THE Victorian Government has promised to implement all 227 recommendations found in the Royal Commission into Family Violence report, which was released after a 13-month statewide inquiry into how to fix the system.

The report was a culmination of oral and written submissions by survivors of family or domestic violence along with those working in the sector.

Within the 1900-page report, a number of recommendations were made focusing on family and intimate partner violence in the LGBTI community. These included:

  • Ensuring all funded family violence services receive a Rainbow Tick accreditation by the end of 2018.
  • Providing funding within 12 months for community education campaigns, specialist LGBTI training for family violence services, and the development of LGBTI-specific resources.
  • Reviewing the Equal Opportunity Act 2010 and birth certificate laws within 12 months, to remove any capacity for family violence service providers to discriminate against LGBTI people.
  • Asking the Victorian LGBTI Taskforce to advise on effective prevention strategies and responses within two years.

Victorian Gay and Lesbian Rights Lobby (VGLRL) co-convenor Sean Mulcahy said it was great those experiencing family violence in the LGBTI community were being recognised.
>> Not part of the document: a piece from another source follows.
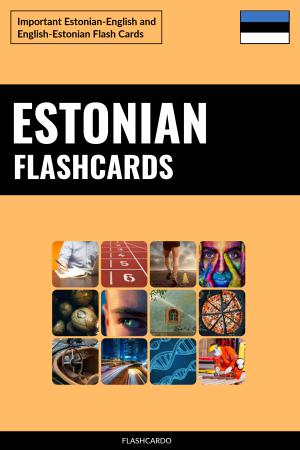 Printable Estonian Flashcards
“It’s encouraging that the community has acknowledged that family violence in the LGBTI community has for a long time been an invisible problem, in all parts of the system,” he told the Star Observer.

“It’s also really encouraging that the commission has called for a review of the Equal Opportunity Act, to ensure that trans and intersex people can have their rights recognised and protected.

“These recommendations are critical to ensuring LGBTI people can access family violence services that understand their particular needs, and it encourages LGBTI people experiencing family violence to seek help.”

The report also mentioned the work being undertaken by the Safe Schools Coalition in relation to providing training in schools to reduce homophobia and transphobia.

“It echoes our call for the government to continue funding this program, as the program clearly highlights it as another example of a positive program in schools,” Mulcahy said.

A 2008 Victorian survey found one in three LGBTI people reported being in an abusive relationship, a rate that increased for trans and intersex people.

The report highlighted that in many of these instances, homophobia and transphobia were barriers for LGBTI people when reporting family or domestic violence.

Human Rights Law Centre advocacy director Anna Brown said it was important that LGBTI people felt safe seeking support when in those situations.

“It was really pleasing to see the commission recognise the invisibility of family violence experienced by lesbian, gay, bisexual, transgender, and intersex people,” she told the Star Observer.

“It’s critical that LGBTI people don’t face barriers to accessing services because of the fear or reality of discrimination… these are issues that we have already raised with the government and, thankfully, the recommendations can feed into processes already underway.

“I look forward to playing my part in the government’s LGBTI Taskforce so we can deliver some lasting positive change.”

The report also pointed to a lack of understanding and sensitivity among family violence services in responding to LGBTI victims and their specific needs.

Gay and Lesbian Health Victoria senior trainer Philomena Horsley believes that by ensuring all services receive a Rainbow Tick accreditation, it will make a big difference.

“It’s really overall an impressive document and it’s fully supportive of the LGBTI community in relation to family violence,” she told the Star Observer.

“Most importantly it seeks to fast-track inclusive practice in funded family violence services.

“By requiring a Rainbow Tick by 2018 it’s also asking the government to fund a range of initiatives including education programs, legal resources, and it encourages emergency accommodation to be more inclusive.”